Investors and managers are smart to keep a careful eye on operating costs and net income -- the ability of a business to deliver a profit is dependent in part on its ability to contain costs. A business does not have to be immediately profitable to be a good investment, but it must have a credible plan for containing costs and growing net income. Understanding the relationship between these numbers helps shine some light on how to assess them.
Basics of Operating Costs
Operating costs are a critical part of doing business. Every company spends a significant portion of its income on the things it does to deliver services for customers. Operating costs include payroll, the cost of renting space or land, financing costs like interest and bank fees, shipping or transportation, and the cost of materials used in production or offered for sale. The main source of operating costs varies considerably from business to business, but well-managed businesses will generally use operating costs as a basis for setting its prices.
Net income is among the most important metrics for assessing business performance. Sometimes called earnings or "the bottom line" -- after its position on the business's income statement -- net income is the total amount of revenue left over after expenses are subtracted. Growing companies design their business model, lay out strategies and make decisions with the goal of maximizing the bottom line. To deliver on this goal, the business must both collect as much revenue as possible and keep costs down. While this objective sounds straightforward, doing so often requires significant trade-offs, risk assessment and making tough decisions.
Operating Costs' Effect on Net Income
The size and extent of a business's operating costs have a direct impact on its net income. This is because operating costs are paid for with revenues before shareholders can realize any of the business's profits. An investor may notice that a business's operating costs often exceed its net income. This simply means that a large percentage of the business's revenues are consumed by operating costs, such that less than half of the original revenue remains. While a business generally wants to minimize its operating costs, it is not unusual for a business to spend a larger portion of its revenues on operations than it retains in its ending net income. A business with higher operating costs than net income often can still deliver significant equity growth for its shareholders.
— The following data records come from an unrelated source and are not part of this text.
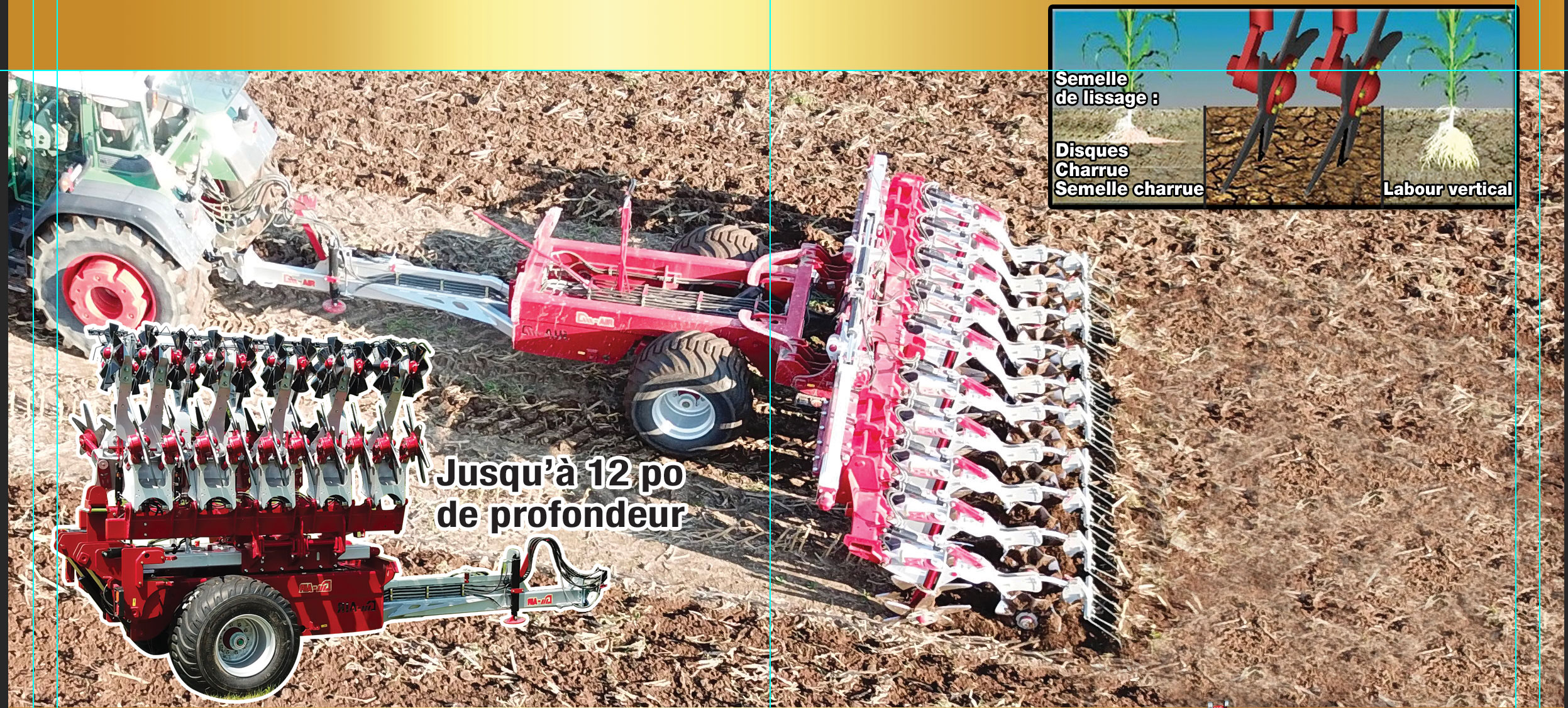 Cultivateur DM Machinery / Machinerie DM DM-air Turbo2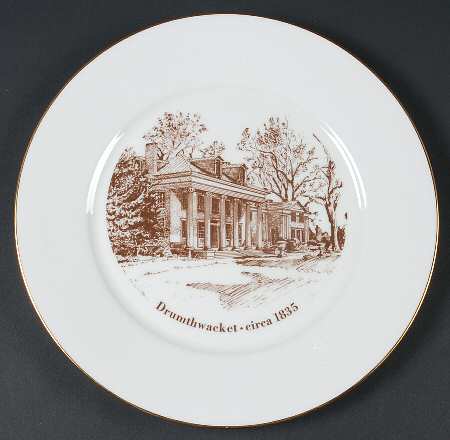 New Jersey Scenes Plates Drumthwacket-Circa 1835 - No Box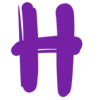 Емодзі Purple font 💜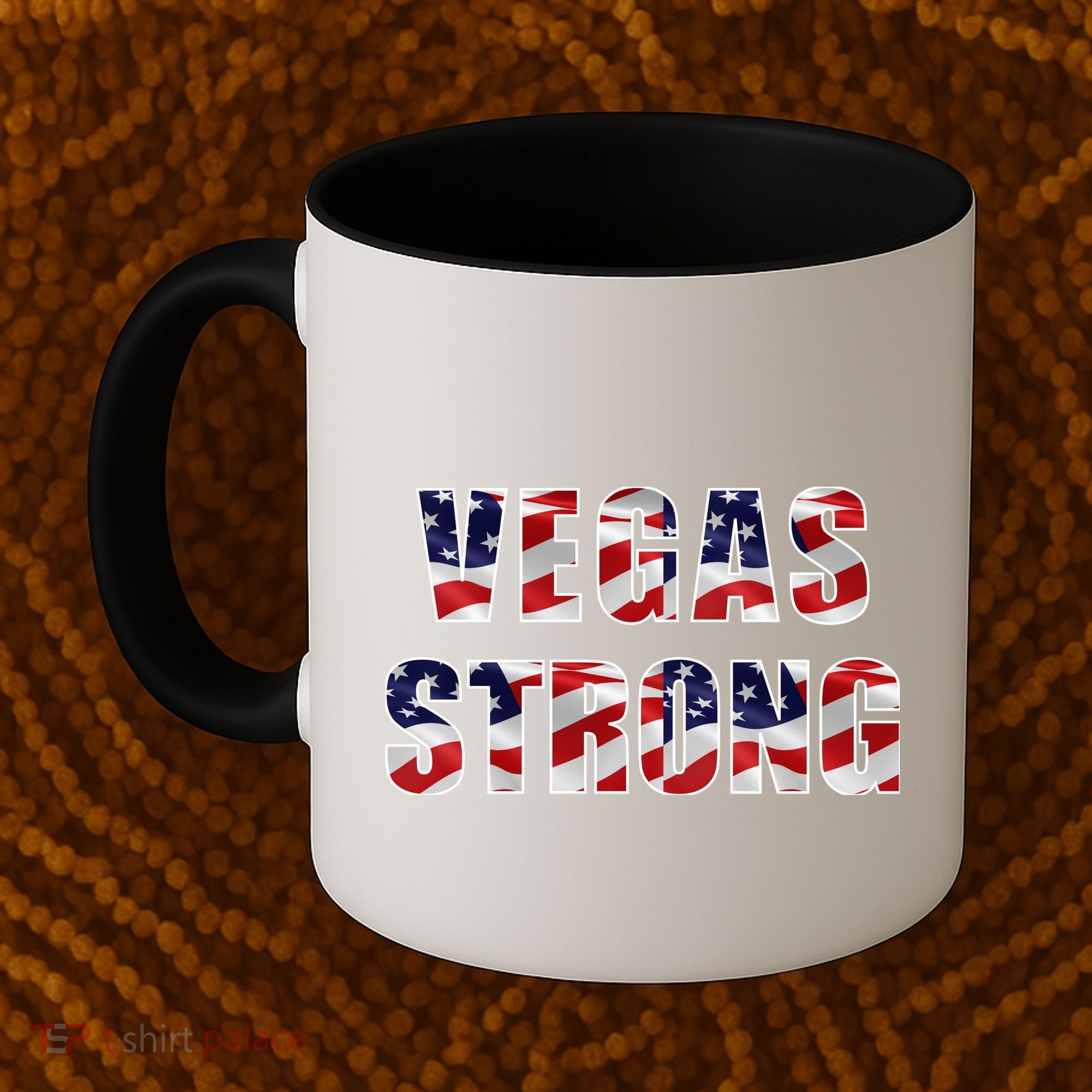 Vegas Strong USA Flag Coffee Mug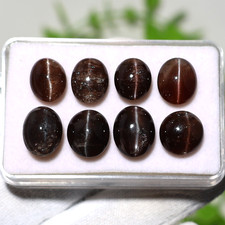 Mystic Lines ~ 8 pezzi pietre preziose cabochon ovali in scapolite naturale 1...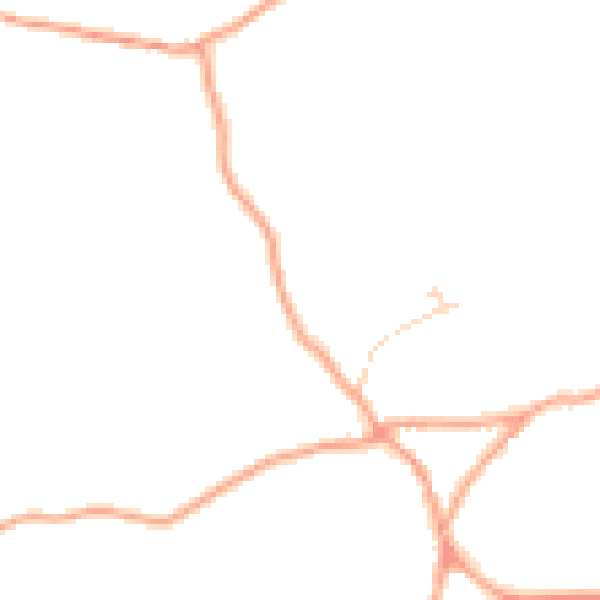Daytime road noise heatmap for ME19 5ES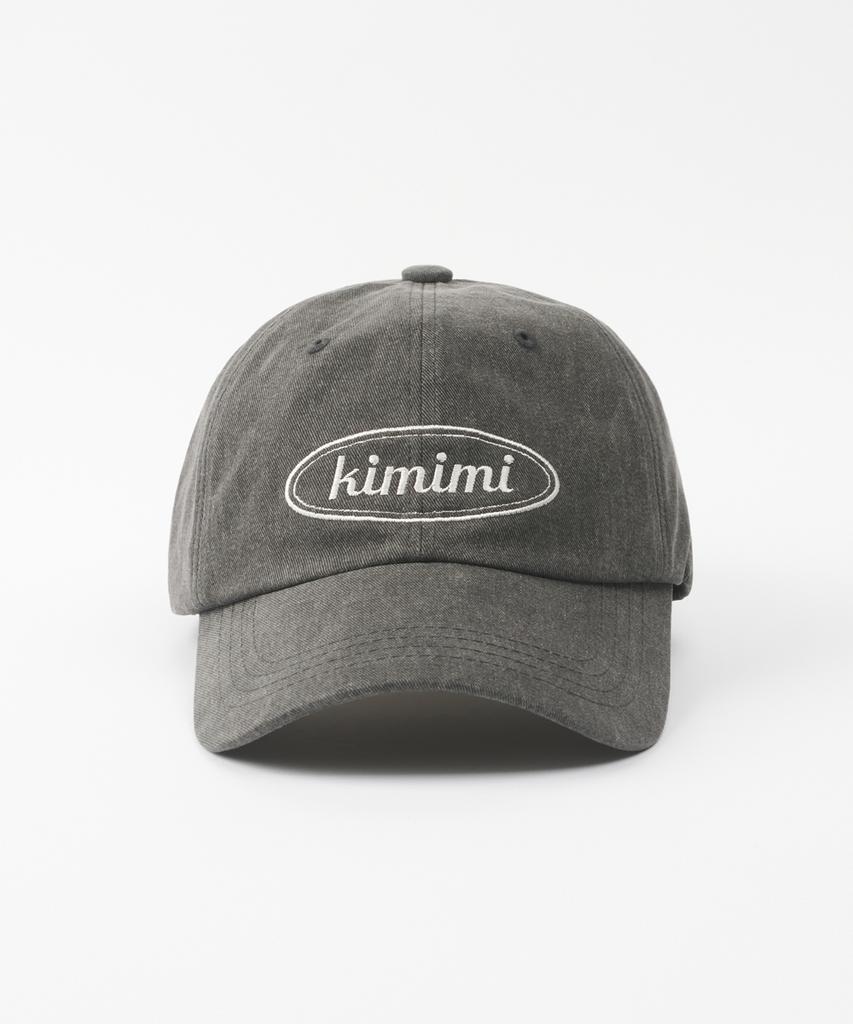 Кепка с логотипом Kimimi Угольный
Non-Operating Costs and Income
Distinguishing between operating costs and non-operating costs helps provide a clearer picture of what's going on in the business. A business whose operating costs are low is likely to become and remain profitable, even if a significant portion of its net income is consumed by other unusual expenses, such as a major asset purchase. Similarly, a business whose operating costs exceed its revenue may have a positive bottom line because of non-operating income. Because of these factors, looking at the operating income, or the revenue remaining after operating expenses, can sometimes provide more insight than the company's net income alone.